Category: Slightly AU (Timeline? We don't need no stinkin' timeline!)
Disclaimer: Angel belongs to Joss Whedon, David Greenwalt, Mutant Enemy, Twentieth Television, and others, probably. No infringement intended.
Archive: Hell, yes. Thanks to: Ebonbird for the inspiration/kick in the ass, Euphrosyne for clean-up, & Evan Como for beta and feedback.
Summary: An AngelFic, in which Angel appears only in hindsight, and Cordelia is careless with a (sort of)young man's heart. For a change.
Brief Notes: at the end.


The sun beat down on the faded red and yellow awning over the hot dog cart, and the neatly hand-lettered sign duct-taped to its side proudly proclaimed *Jesus Saves! Hot Dog and Juice $1.25! He is The Way, The Truth, and The Life! Kraut 25 Cents! You Know Not The Hour or The Day! Veggie Dog and Juice $1.75! The Truth Will Set You free!* It was fast, al fresco, near the beach, and had, over the course of the year or so she'd been in LA, become one of Cordelia's favourite tough-day lunch spots. The cart was always set up in the same spot, a prime chunk of pavement about twenty minutes from the office, and a million metaphorical miles from the perpetual mess on her desk and the relentless mess in her head. Today, both messes seemed messier than usual, and a hot dog - a real meat- by-product hot dog - was the only answer.

Father Steve, former Jesuit, current street missionary and curb-side entrepreneur, was all 40- something Hollywood good looks, L.A. tan, and years of gleaming orthodontia. She'd discovered him on her first day in LA, when she'd been hungry and wired and in a small, quiet way, lost. He wore cut-offs and a tie-dyed T-shirt under his apron, same as he had almost every time she'd seen him, and served his customers with the ease born of long practice and actual enjoyment. His voice, filled with cheer she would have labeled false coming from anyone else, boomed across the busy square as she approached.

"Tomas! God loves ya, guy! Onions?" Business was brisk: she joined the already lengthy line.

He had a beautiful voice, she thought, absent- mindedly counting the flowers tattooed on the back of the woman on roller blades towering in front of her. He was a tenor, she thought, like Pavarotti and Domingo and the other, shorter guy her mom had dragged her to see at the Hollywood Bowl, some charity thing at 500 bucks a pop that she had scowled about, but secretly enjoyed. She'd heard Father Steve sing one slow winter afternoon, when the sky had threatened sleet and she'd been his only customer in over four hours. He'd given her a second veggie dog for free, sung a song about Oklahoma, of all places, and then broken into a couple of tunes she recognized from her junior year production of Godspell. "Pre-e-e-pare ye, a waaay of the Lord," he'd sung, his voice clear and ringing, even as gusts of wind swirled bits of it away. She'd listened when there had been no one else to.

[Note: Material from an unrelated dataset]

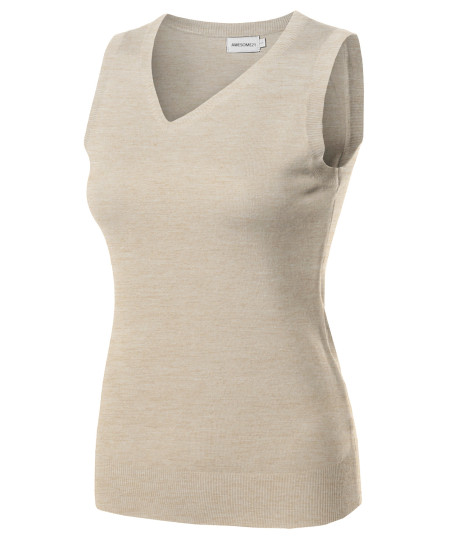 Women's Solid Basic  Soft Stretch Sleeveless Viscose Knit Vest Top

Two beautiful boys on skateboards eased fluidly past, and that reminded her that Michael wanted her to call. He'd left a message, told her he thought maybe, possibly, potentially, he could get Cordelia into to see Tony Blanchard. Blanchard was, Michael assured her, looking for the next Julia Roberts. With a little work, the right make-up, a nip here, a tuck there, and a lot of time with a trainer, Michael thought she could be that girl. She was perfect; he'd gooed all over her answering machine. Perfect, and all she had to do was change.

It might not be bad to be the next Julia Roberts, she mused, rethinking the not-exactly offer and taking another step forward in line. The fame, the money, the 'what WAS she thinking?' ex's, and $12 million bucks a movie, no matter how awful -- all pros, and no cons. She had planned to be the first Cordelia Chase rather than the second Julia Roberts, but plans could altered. Anything could be altered. Fourteen. Fourteen flowers on the woman's back. She wondered how many might be on the front, or hidden under the Day-Glo halter top and ratty-by-design shorts. How much had that hurt? Did it ever stop hurting, all the way? Back in Sunnydale, she'd have just asked. In L.A., you didn't *just ask* anything.

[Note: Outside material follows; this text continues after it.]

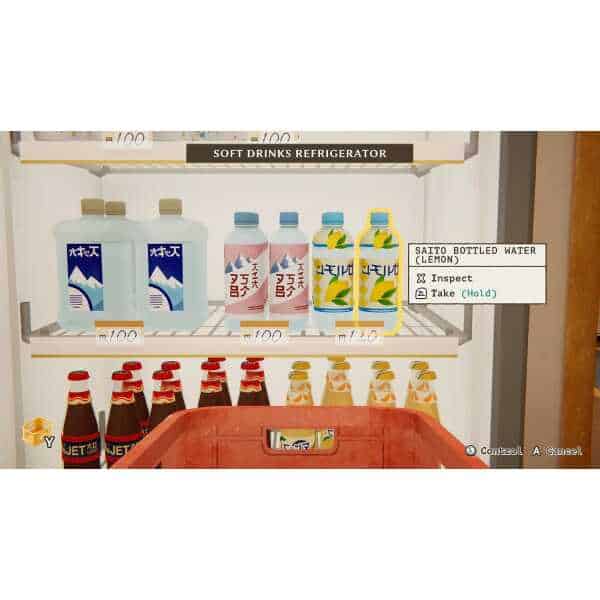 Soft drinks in a refrigerator with water, juice, and soda bottles.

The line moved ahead again.

She hadn't noticed the details of Father Steve that first day - the scar on his left cheek that screamed knife fight, the flat patch on his nose where a break had once healed, or the lower-case *t* under the ketchup, mustard, and chili sauce on his bib-apron that wasn't a *t* at all. She had noticed his kind eyes, though, his easy smile, and the wedding band on his left hand. She had no illusions: she was a small town fish and LA was a very big, very shark- infested pool and she was only brave enough to admit to herself that it scared her. But, for some unnamable reason, she'd felt that she could trust him almost immediately. For a long time, he'd been the only person in L.A. she felt that way about.

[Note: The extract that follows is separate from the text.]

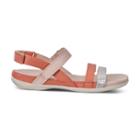 Ecco Flash Alu Sandals Size 4-4.5 Silver Apricot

A gull shrieked and descended on some abandoned scrap of food and she found herself wondering, could Angel wear an apron like Father Steve's? If she told him it was a *T* for *terrific boss* or a *T* for *Tuesday*, say, instead of a cross for. . .for whatever it was crosses were for? She tried to picture him in that apron or its cleaner cousin, tongs in hand, smiling, serving hot dogs to demons in the dead of night. It almost worked - she could almost see it - until he looked down at the *T*, realized what it really was, and burst into flames.

She thought maybe she liked him too much for that. That, and of course, Angel, wouldn't be caught dead in an apron.

Dead again?

"Joshua! The prodigal son! One fatted calf or two?"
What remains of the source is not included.